Fisherman Alastair Mathhew has blamed crab thieves for cutting the mooring ropes causing it to drift away from the pier , capsize and sink ( probably dried out on a rock on one hull and sank on the following high tide ). The vessel is not named but is a Catamaran valued at £30,000.


----------



## mark m (Jan 27, 2007)

*Bang out of order*

Aye Davie bang out of order ,hope they catch the person s responsible.


----------



## treeve (Nov 15, 2005)

I have a hard time coming to terms with those who's only talent is to destroy others' source of income, or others' creation or others' peace or property. Feed 'em to the crabs.


----------



## Coastie (Aug 24, 2005)

Something similar happened recently to the boat belonging to a colleague of mine. That got caught in a gulley and was smashed up. Not nice.


----------



## Coastie (Aug 24, 2005)

I'm with you there, Treeve.


----------



## benjidog (Oct 27, 2005)

Disgraceful Davy! 

Totally pointless and dangerous - I hope the buggers get caught but I guess it is pretty unlikely unless there were eye-witnesses.
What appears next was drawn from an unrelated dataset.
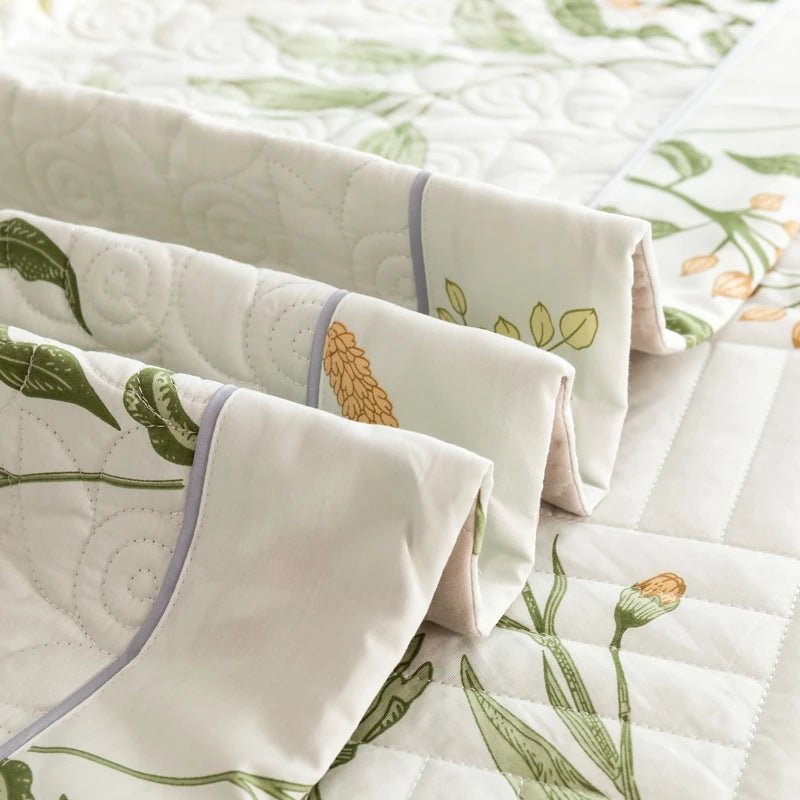 King Size Botanical Quilt Set – Lightweight 100% Cotton, Cooling Fabric for Stylish Bedroom Décor 3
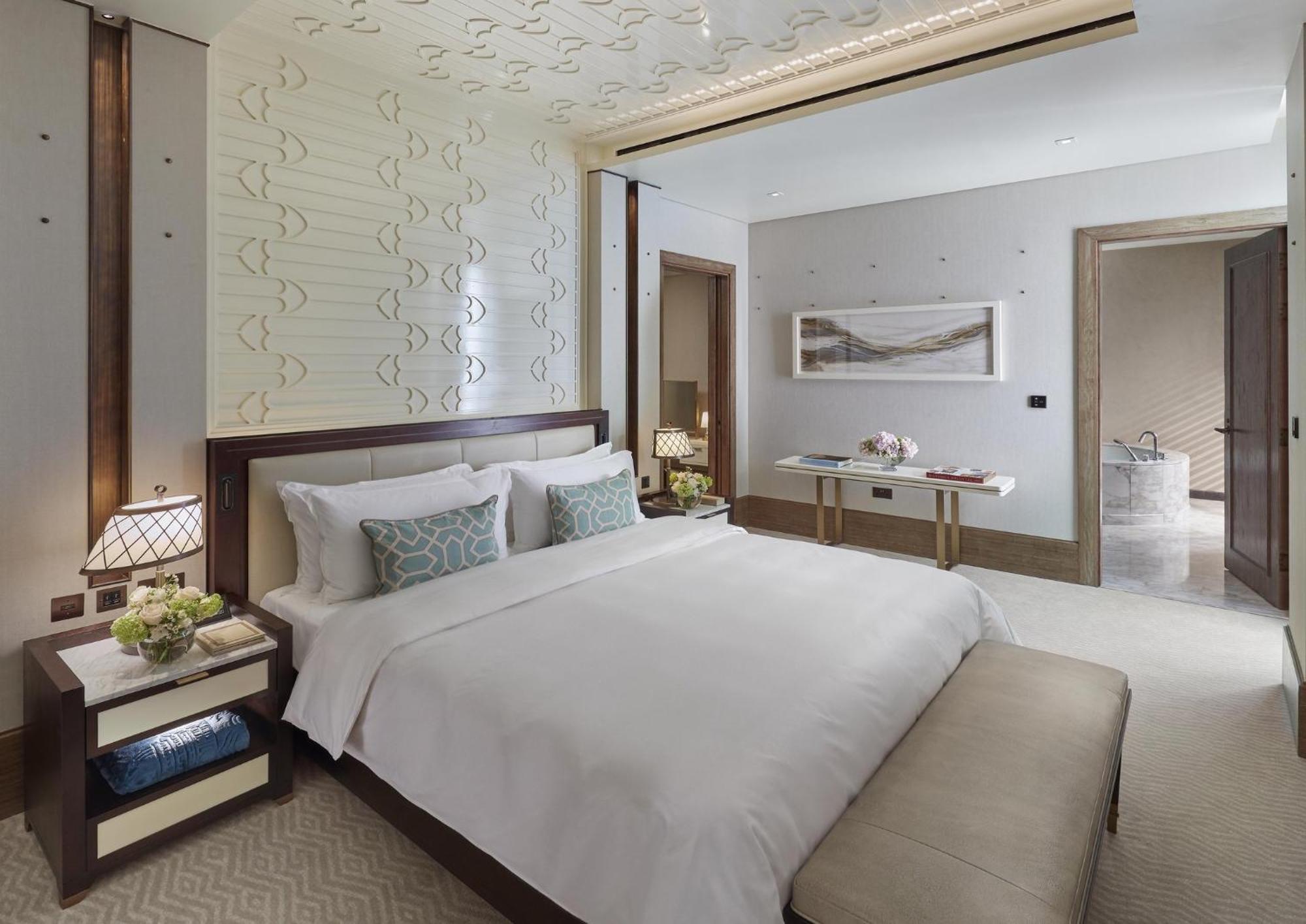 Mandarin Oriental, Doha Hotel Buitenkant foto A bedroom at the hotel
No doubt the insurance covers this sort thing but that is not the point. 

Regards,


Brian


----------



## Gavin Gait (Aug 14, 2005)

The reason they went onboard is the potter's up here have big blue 50 gallon drums ( covered in 1/2" holes to let water circulate ) that they tie to the side of the boat with their crabs and Lobsters in so they can land them in the mornings. The vandals apparently went aboard the boat to steal the crabs and Lobsters , probably didn't find as many Lobsters as they wanted ( got to be stolen to "order" probably to fill an order for a restaurant or hotel ) and decided to cut the mooring ropes out of spite. 

Thats the mans living they've taken away as it'll be months before the boat can be repaired and back in the water ( if it is repairable that all depends on the damage on the rocks , etc and the cost of rebuilding or replacing the engines and electronics ) so if it is found to be someone in the "trade" they should be forced to pay in full for the repairs and loss of earnings ( and pay in full for the replacement boat if thats whats needed ). I don't see why this mans insurance premiums should have to rise because of this ( as they will ) or even why the insurance company should have to pay out at all. If the thieves have houses take them from them , sell them and use the money to compensate the fisherman.

Makes my blood boil hearing about things like this. Inshore fishermen have a bad enough time making a decent living as it is without this happening to them !!! (MAD) (MAD) (Cloud) (Cloud)


----------



## benjidog (Oct 27, 2005)

I have always taken the view that to deprive a workman of the tools of his trade (whatever they are) is the lowest thing anyone could do. 

It makes my blood boil as well.

Brian


----------